The Mount Sinai Hospital, New York, NY, USA.

PURPOSE:
The need to evaluate current facial reanimation surgical principles and techniques has lead the focus on the development of a device to objectively measure the quantitative degree of facial paralysis. We have developed the digitally based R* Facial Grading System (FGS) application for desktops and portable handheld devices (i.e., iPad) to conveniently measure smile restoration following reanimation surgery for unilateral facial paralysis. Our goal is to prove user reproducibility and reliability of our new system.
METHODS:
After taking a picture of a subject at rest and in full smile, the R* FGS software walks the user through calculating a global smile score, specific scores, and smile animation scores from specifically selected facial anatomic landmarks. Six surgical residents were selected to test the intra- & inter-user reproducibility and reliability of the R* FGS system. Each user performed 5 test trials on a mock patient of the subject’s face at rest and in full smile. Three users tested the R* FGS on a desktop computer while the other 3 users tested the R* FGS on an iPad.
RESULTS:
The iPad users had a completion time of 52 +/- 10.4 sec at trial 5. Average intra-user reproducibility for percent smile symmetry, lip spread, degree tilt and teeth show were 0.995 (+/- 0.001), 0.972 (+/- 0.010), 0.996 (+/- 0.002) and 0.997 (+/- 0.001), respectively.
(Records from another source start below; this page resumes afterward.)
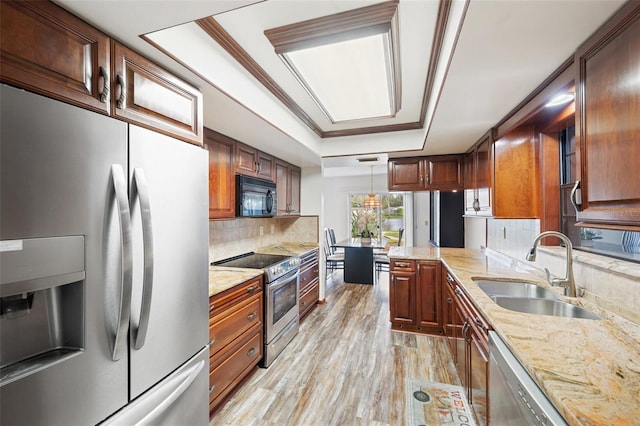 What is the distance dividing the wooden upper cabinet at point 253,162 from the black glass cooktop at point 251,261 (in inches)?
37.1

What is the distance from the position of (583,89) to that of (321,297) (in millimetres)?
3746

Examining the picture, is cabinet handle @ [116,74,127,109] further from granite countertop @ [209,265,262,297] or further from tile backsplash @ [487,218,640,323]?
tile backsplash @ [487,218,640,323]

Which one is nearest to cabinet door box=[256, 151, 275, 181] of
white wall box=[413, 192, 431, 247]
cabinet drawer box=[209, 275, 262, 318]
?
cabinet drawer box=[209, 275, 262, 318]

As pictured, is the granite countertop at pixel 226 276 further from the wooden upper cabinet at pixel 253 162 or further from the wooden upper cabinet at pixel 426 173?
the wooden upper cabinet at pixel 426 173

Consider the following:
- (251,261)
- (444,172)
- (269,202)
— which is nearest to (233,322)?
(251,261)

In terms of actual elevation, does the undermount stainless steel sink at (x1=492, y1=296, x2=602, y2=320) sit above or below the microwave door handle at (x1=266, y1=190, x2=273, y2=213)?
below

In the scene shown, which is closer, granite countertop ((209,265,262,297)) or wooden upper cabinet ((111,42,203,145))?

The inter-user reliabilities for the same parameters were 0.999, 0.993, 0.999 and 1.000, respectively. Although the desktop users had a longer completion time of 84.2 +/- 20 sec at trail 5, Average intra-user reproducibility for percent smile symmetry, lip spread, degree tilt and teeth show were 0.997 (+/- 0.002), 0.986 (+/- 0.004), 0.999 (+/- 0.0001) and 0.998 (+/- 0.001), respectively. The inter-user reliabilities for the same parameters were 0.999, 0.993, 0.999 and 0.999, respectively.
CONCLUSION:
Preliminary data suggests that the R* FGS is a reproducible and reliable reporting tool to measure the degree of smile restoration following reanimation surgery for unilateral facial paralysis. Our system allows retrospective photo-analysis from prior years by simply scanning to a desktop computer. Given that a majority of our patients reside away from our practice, our system also provides us the potential to monitor and measure patient progress through voice-over-IP software applications (i.e., Skype, FaceTime). The application is affordable, time efficient and can be conveniently used on a desktop or portable handheld device.